*Collected material*
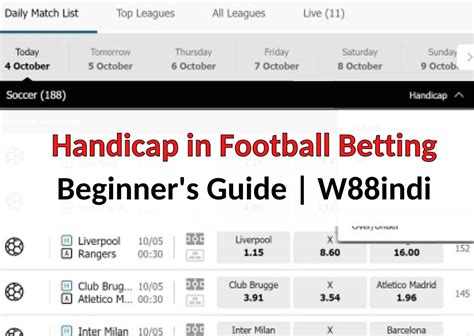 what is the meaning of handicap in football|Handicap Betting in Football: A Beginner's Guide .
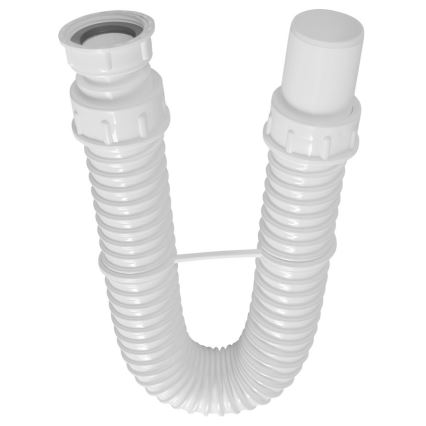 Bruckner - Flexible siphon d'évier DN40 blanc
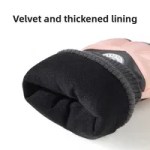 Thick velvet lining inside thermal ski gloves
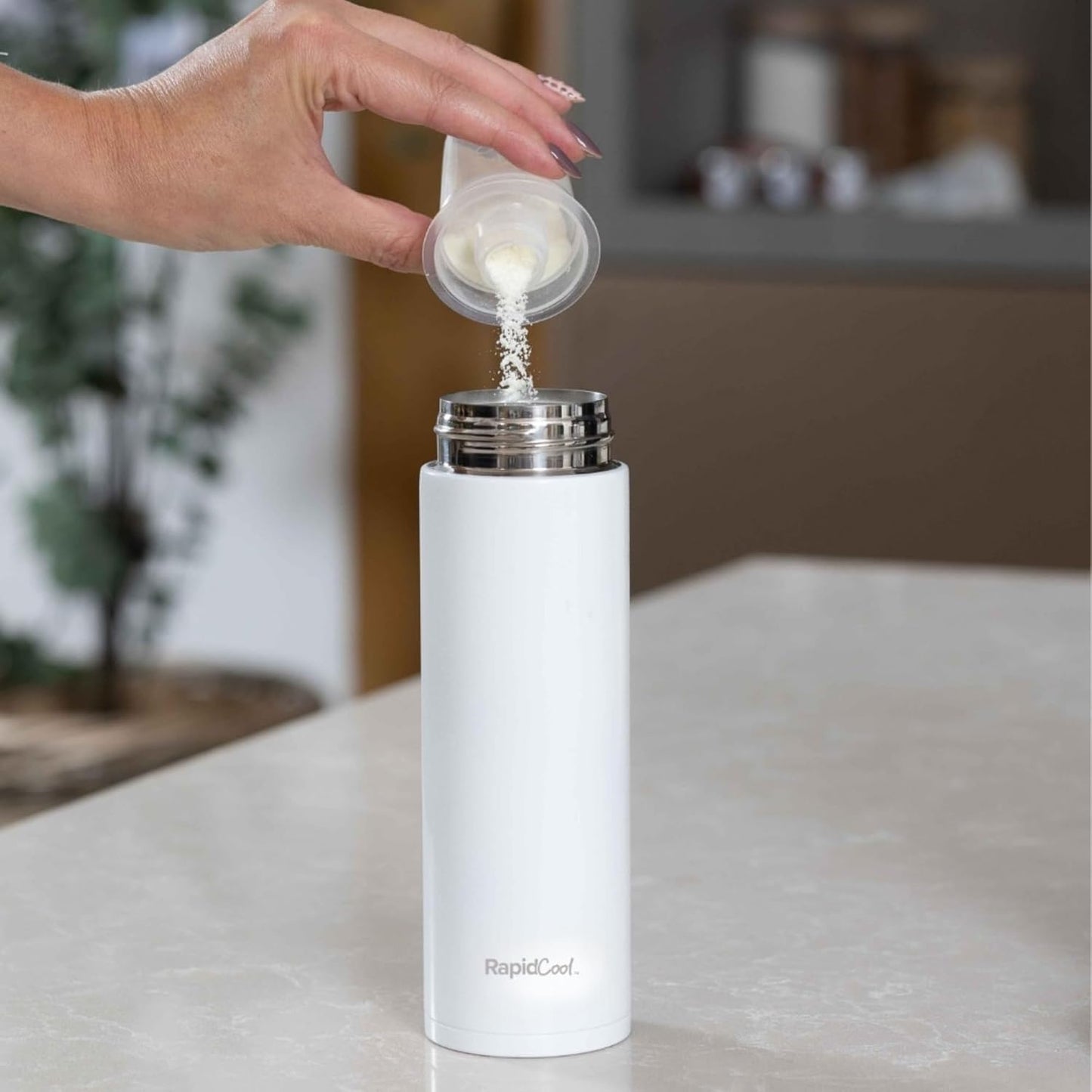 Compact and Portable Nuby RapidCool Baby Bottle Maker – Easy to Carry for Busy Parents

*Task goal*
All that the answer may contain is the exact text of the lines from the one with "Bruckner - Flexible" through the last line of the material, pictures excluded.

*Problem solution*
 Bruckner - Flexible siphon d'évier DN40 blanc
 Thick velvet lining inside thermal ski gloves
 Compact and Portable Nuby RapidCool Baby Bottle Maker – Easy to Carry for Busy Parents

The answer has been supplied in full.